(Beginning of Supplied data)

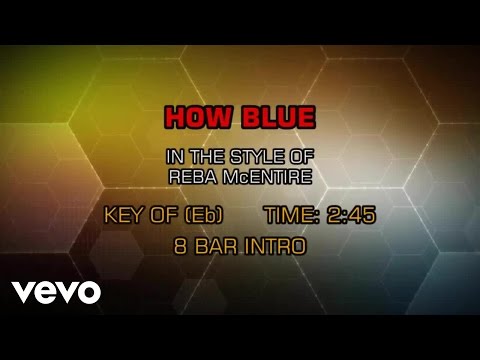 Reba McEntire - How Blue (Karaoke) - UCQHthJbbEt6osR39NsST13g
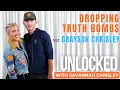 Dropping Truth Bombs feat Grayson Chrisley Unlocked with Savannah Chrisley Ep 149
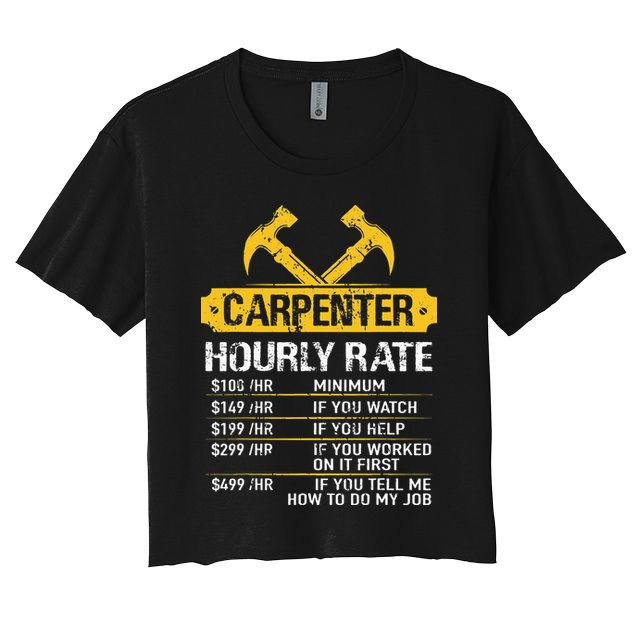 Carpenter Hourly Rate Funny Worker Woodworking Carpenter Crop Top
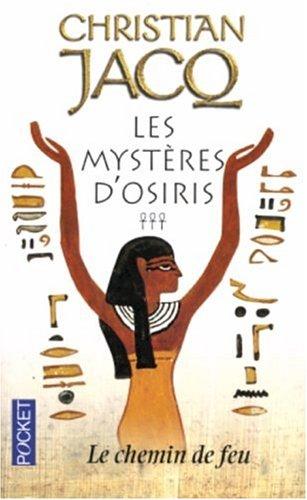 Les mystères d'Osiris. Vol. 3. Le chemin de feu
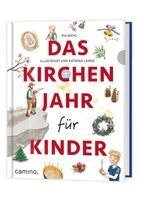 Pia Biehl - Das Kirchenjahr für Kinder, Inbunden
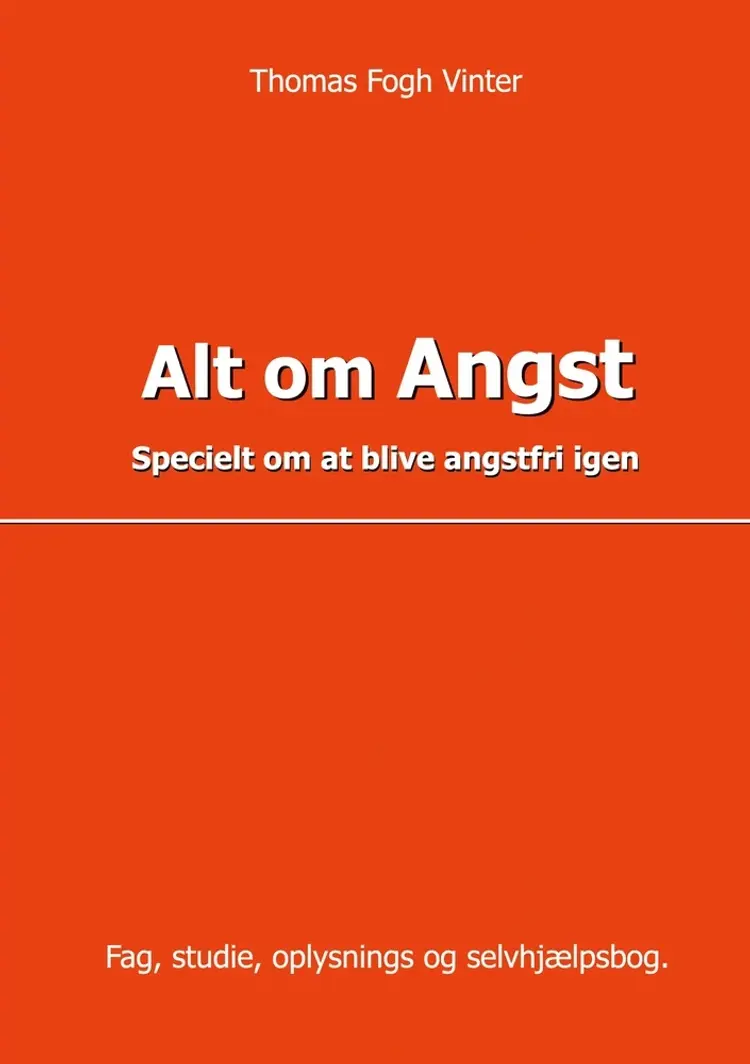 Alt om angst af Thomas Vinter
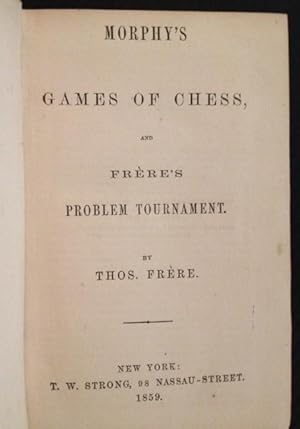 Bild des Verkufers fr Morphy's Games of Chess, and Frere's Problem Tournament zum Verkauf von APPLEDORE BOOKS, ABAA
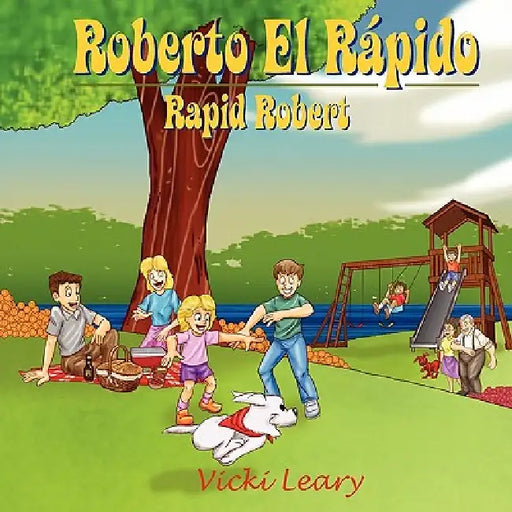 Roberto El Rápido: Rapid Robert by Vicki Leary
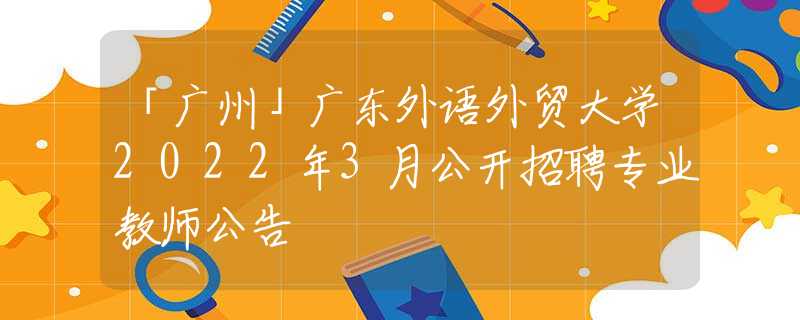 「广州」广东外语外贸大学2022年3月公开招聘专业教师公告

(End of Supplied data)

Each entry above is to be duplicated exactly, and its pictures omitted.

 Reba McEntire - How Blue (Karaoke) - UCQHthJbbEt6osR39NsST13g
 Dropping Truth Bombs feat Grayson Chrisley Unlocked with Savannah Chrisley Ep 149
 Carpenter Hourly Rate Funny Worker Woodworking Carpenter Crop Top
 Les mystères d'Osiris. Vol. 3. Le chemin de feu
 Pia Biehl - Das Kirchenjahr für Kinder, Inbunden
 Alt om angst af Thomas Vinter
 Bild des Verkufers fr Morphy's Games of Chess, and Frere's Problem Tournament zum Verkauf von APPLEDORE BOOKS, ABAA
 Roberto El Rápido: Rapid Robert by Vicki Leary
 「广州」广东外语外贸大学2022年3月公开招聘专业教师公告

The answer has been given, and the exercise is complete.